This week, Judge Brett M. Kavanaugh of the United State Circuit Court of Appeals for the D.C. Circuit will appear before the Senate Judiciary Committee to testify during confirmation hearings for his nomination to become an Associate Justice of the United States Supreme Court. Kavanaugh was nominated by President Trump on July 9, 2018, to fill the seat of the long-serving Justice Anthony Kennedy, who officially retired on July 31, 2018.
As we prepare for what may be a contentious election-year confirmation process, I explore what Judge Kavanugh’s elevation to the high court could mean for the future of the Telephone Consumer Protection Act (TCPA). Based on his many years of service on the D.C. Circuit – the federal appellate court that handles the largest volume of appeals involving issues of federal agency decision making – as well as his speeches and writings, a road map emerges that suggests Justice Kavanaugh may profoundly impact how agencies, such as the FCC, do their work. As a result, this course correction may make it easier for businesses to comply with the TCPA, helping to reduce risk for those companies that strive to comply with the law.
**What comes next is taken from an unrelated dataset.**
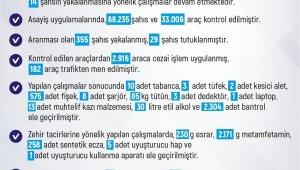 Elazığ'ın haftalık asayiş verileri açıklandı: 68 bin 235 kişi arandı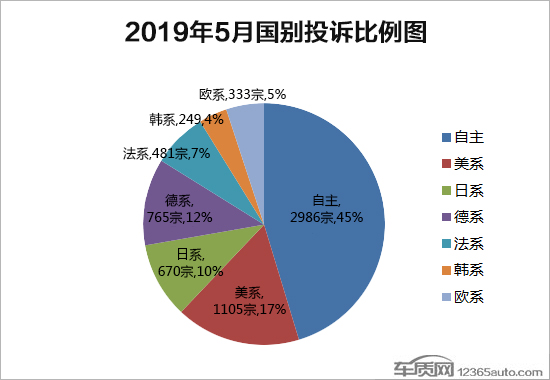 2019年5月国内汽车投诉排行及分析报告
Judge Kavanaugh Knows the Serious Risks of the TCPA
Judge Kavanaugh is already acquainted with the TCPA. In 2017, he authored the D.C. Circuit’s opinion in Bais Yaakov of Spring Valley v. FCC, 852 F.3d 1078 (D.C. Cir. 2017). Bais Yaakov presented a challenge to certain FCC rules implementing the Junk Fax Prevention Act of 2005, an amendment to the TCPA that amended the TCPA’s rules governing faxes, including requiring opt-out notices in those limited instances in which unsolicited fax advertisements are permitted. The petitioners challenged a 2006 FCC regulation that required “solicited fax advertisements” – those faxes sent with the permission of the recipient – to include an opt-out notice on the fax, arguing that this requirement was not included in the text of the statute adopted by Congress and, therefore, was a decision that exceeded the FCC’s authority.
In his opinion for the court, Judge Kavanaugh took notice of the fact that the TCPA “supplies a private right of action” and provides for “stiff penalt[ies] for violating the FCC’s regulations” of “at least $500 for each violation,” which can “add up quickly.” In striking down the FCC’s regulation, Judge Kavanugh rejected the assertion that the FCC has full authority to act in the area of telecommunications unless Congress has expressly prohibited the action in question. According to Judge Kavanaugh, “[t]hat theory has it backwards as a matter of basic separation of powers and administrative law. The FCC may only take action that Congress has authorized.” Thus, because Congress had not authorized the FCC to require opt-out language on solicited faxes, Judge Kavanaugh concluded that the regulation exceeded the scope of the FCC’s authority.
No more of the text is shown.